The result of the investigation showed Clancy was not a saboteur for the Soviets but instead was a writer collecting information for a submarine thriller story he was writing. That story that would be titled 'The Hunt for Red October' and make Clancy a bestselling author. The main problem is people search the internet for a variety of things, sometimes malicious but a lot of times for knowledge or information. How can the NSA tell whether a college student named Muhammed is researching biological warfare because he's terrorist or because he's write a research paper for class? How can the NSA tell that whether a post on facebook 'I just wanna blow up the World' is a signal launch an attack or just a bad day at work?

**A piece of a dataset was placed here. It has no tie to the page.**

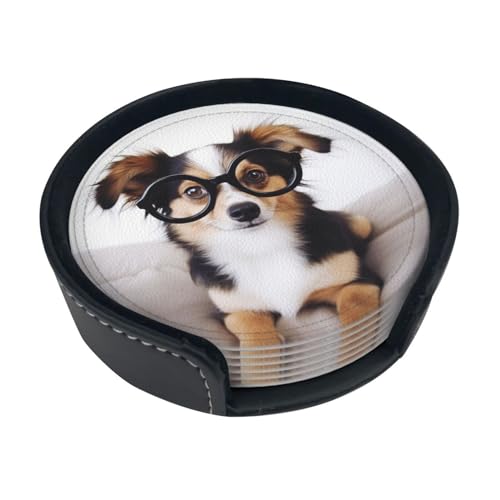 Niedlicher Hund mit Brille Druck Leder Untersetzer 6 Stück Untersetzer Set mit Halter Getränkeuntersetzer Set Wasserdicht Isoliert Untersetzer Tasse Matte Pad für Küche Büro Couchtisch Heimdekoration von WSOIHFEC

5. Peer Review = Having another set of eyes on your model and getting feedback for improvement. If someone were to ask my opinion (that would be an ego boost) I would note a very small, miniature, teensy, but possibly very humongous, large flaw in the NSA's PRISM technology. Predictive modeling assumes the human behavior being studied is normal behavior that will be often repeated again in the future. Which is why it works for everything from marketing, to customer service, to online dating, etc. But the problem is terrorism or any criminality for that matter isn't normal human behavior.

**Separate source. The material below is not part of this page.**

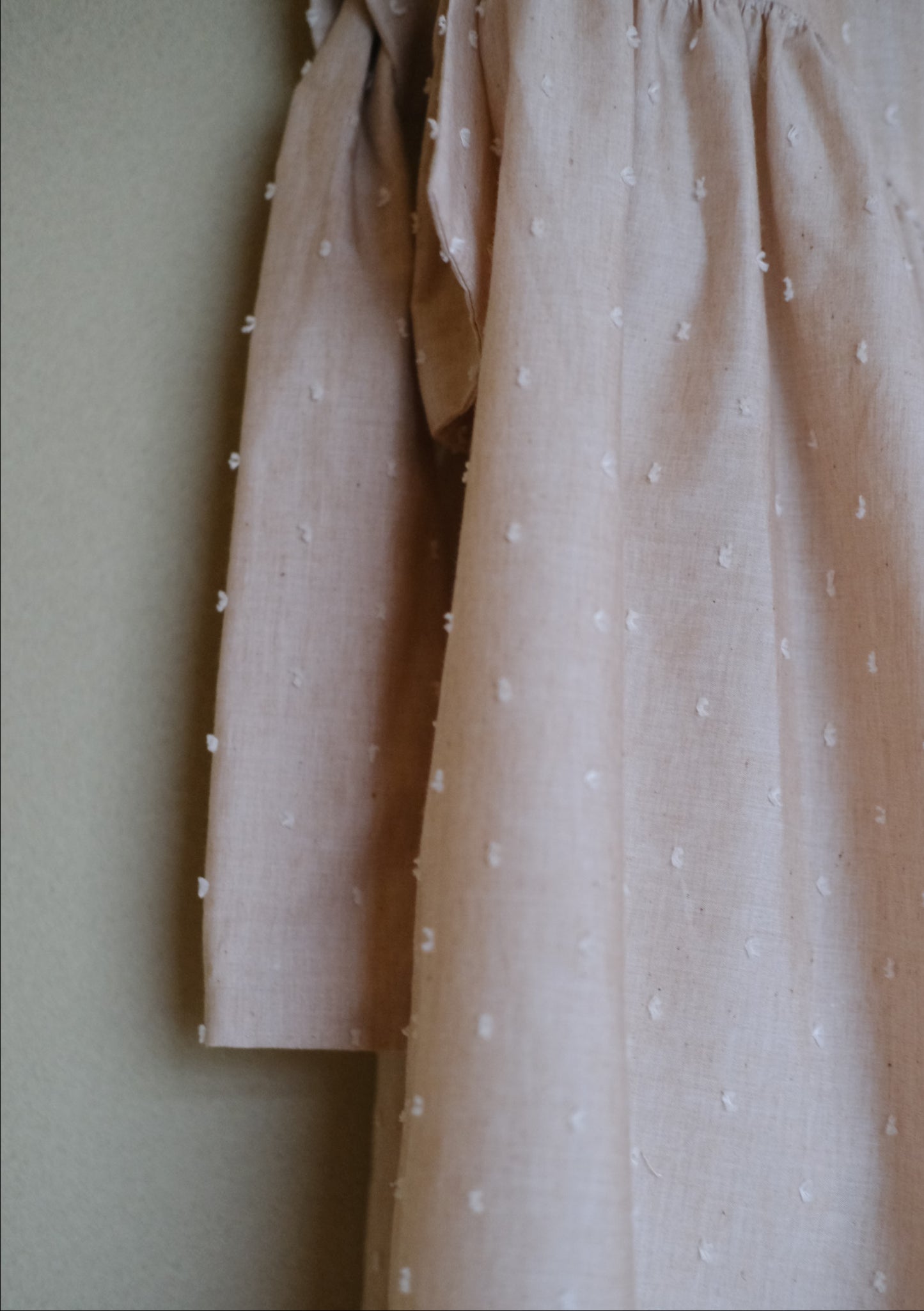 non-dyed organic asymmetric shirring dress (in-stock)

Instead it can be thought of more in terms of a virus or bacteria that constantly mutates and changes in response to the body's immune system or antibiotics. Similarly terrorists will change and adapt their tactics to evade notice meaning yesterdays terrorist attack most likely won't be repeated tomorrow because law enforcement is now looking for it. Thus predictive modeling as the NSA uses it now may not be effective. So instead the NSA may well be better suited to borrow models from Biostatistics which predict how and possibly when mutations in viruses and bacteria will occur. This would better answer what would be a terrorists next step assuming they won't repeat the past.

Now for a few more questions
Is This Legal? Funny you should ask because a lot people are asking that as well. And the answer will most likely come from the Supreme Court in a few years as to whether it violates the US Constitution Fourth Amendment which prohibits any unreasonable search or seizure without probable cause and a warrant. Meanwhile some in Congress are not waiting for the issue to make it's way through the courts as Sen.Rand Paul (R-Kentucky; the slightly less paranoid, bat shit crazy version of his father Ron) has proposed a bill to limit the NSA's surveillance program.

Edward Snowden had a hot, stripper girlfriend. Does that mean I should be a data analyst to land a stripper? Snowden is what statisticians call an anomaly or outlier, an observation way outside mean distribution such that it skews the results. Because if you were ask a 100 male data analysts if they're girlfriend was a stripper, probably 100 would reply 'Girls? You mean real ones? Like actually talk to them?' Past research shows strippers are attracted large, shiny objects and large amounts of money.


Edward Snowden was going to get asylum in Ecuador. How would you rate his choice? Ecuador has it all for the Int'l fugitive on the run. Jungles, mountains, beaches, Inca ruins, the Galapagos islands. I give him props for good taste in travel.